L’art de vivre à l’orientale à l’Hôtel départemental des expositions du Var

Panneau de revêtement à la joute poétique (détail). Ispahan (Iran), palais de Tchehel Sutun (?), XVIIe siècle. Céramique siliceuse, décor de glaçures colorées de type cuerda seca. Paris, musée du Louvre, département des Arts de l’Islam, OA 3340. Photo service de presse. © 2012 Musée du Louvre, Dist. Grand-Palais RMN, Raphaël Chipault
De la Mésopotamie à l’Inde moghole en passant par l’Égypte ancienne, la Perse, l’Espagne arabo-andalouse ou encore l’Empire ottoman, l’Hôtel départemental des expositions du Var, en partenariat avec le musée du Louvre, nous invite à un formidable voyage dans l’espace et le temps à la découverte des jardins et palais d’Orient. Variant dans leurs usages – on y festoie, médite, déclame de la poésie… –, les jardins, signes ostentatoires de richesse et de pouvoir, sont de véritables prolongements des palais qu’ils jouxtent. Ils se parent d’éléments architecturaux spécifiques (kiosques, terrasses à colonnades notamment), qui jouent sur l’ouverture et la fermeture, l’ombre et la lumière. Ces espaces extérieurs possèdent également une forte charge symbolique, liée à la vie et à la résurrection, et ancrée dans des mythes fondateurs. Petit florilège d’un riche parcours en 260 œuvres, issues des collections du Louvre (et, pour la majorité, de son département Arts de l’Islam), mais aussi des fonds de quatorze institutions de la région Provence-Alpes-Côte d’Azur.
Coffret : Adam et Ève au paradis terrestre
Comment évoquer les jardins d’Orient sans revenir au premier d’entre eux, le jardin d’Éden du livre de la Genèse dans la Bible ? Mythe fondateur pour les trois monothéismes (judaïsme, christianisme et islam), inspiré de modèles mésopotamiens, il est le lieu de l’âge d’or perdu de l’humanité.

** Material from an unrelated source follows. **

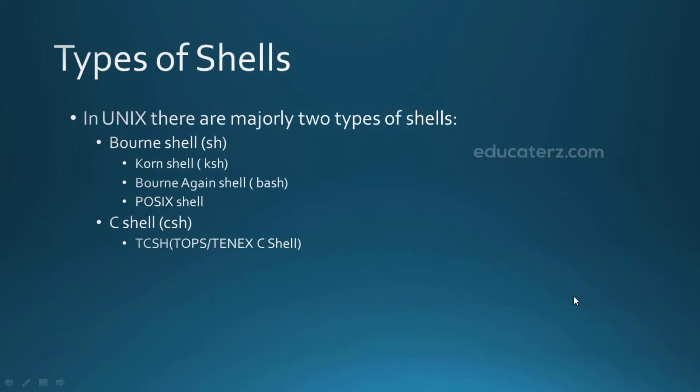Korn shell, Bourne again shell that is bash and POSIX shell are few implementations of Bourne shell and there are in addition to these we have many others. The default prompt of a Bourne shell is dollar. So whenever you notice a dollar you can just consider that is an implementation of a Bourne shell or Bourne shell itself.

Ce coffret d’une vingtaine de centimètres de haut représente ce paradis terrestre sur ses quatre faces : Adam et Ève se tiennent près de l’arbre de la Connaissance, entourés d’animaux, au centre de panneaux encadrés de rinceaux peuplés d’oiseaux. Issu d’une commande portugaise datant de la période coloniale, ce petit élément de mobilier d’une très grande finesse témoigne probablement d’un art indo-portugais.

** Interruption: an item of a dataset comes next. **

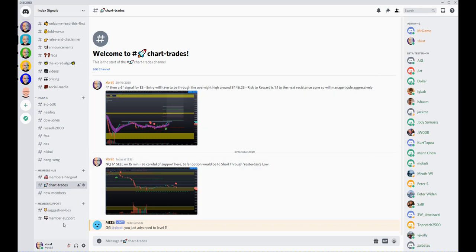Then we have suggestion boxes and member support again. So very simple, lots going on in there—good learning, good education, live signals that you can trade, all powered by my expert algo.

Ceylan (Asie méridionale), vers 1650-1675. Ivoire d’éléphant, argent, bois, alliage ferreux. Paris, musée du Louvre, département des Objets d’art, MRR 89. Photo service de presse. © 2006 Musée du Louvre, Dist. Grand-Palais RMN, Martine Beck-Coppola
Panneau de revêtement à la joute poétique
Ce magnifique panneau, d’environ 1,75 m de long et 1,20 m de haut, ornait un pavillon royal d’Ispahan, dernière capitale des empereurs safavides d’Iran (1501-1736). Prolongeant le jardin au sein même du palais, le décor présente deux personnages princiers entourés de deux serviteurs, au cœur d’une végétation luxuriante. L’un semble déclamer de la poésie et l’autre écrit. Il pourrait s’agir d’une scène de joute poétique, jeu de lettrés où un concurrent donne le premier hémistiche d’un vers, que le second s’emploie à compléter. En Orient, le jardin est aussi un lieu de déclamation de la poésie, comme de méditation ou de festivités.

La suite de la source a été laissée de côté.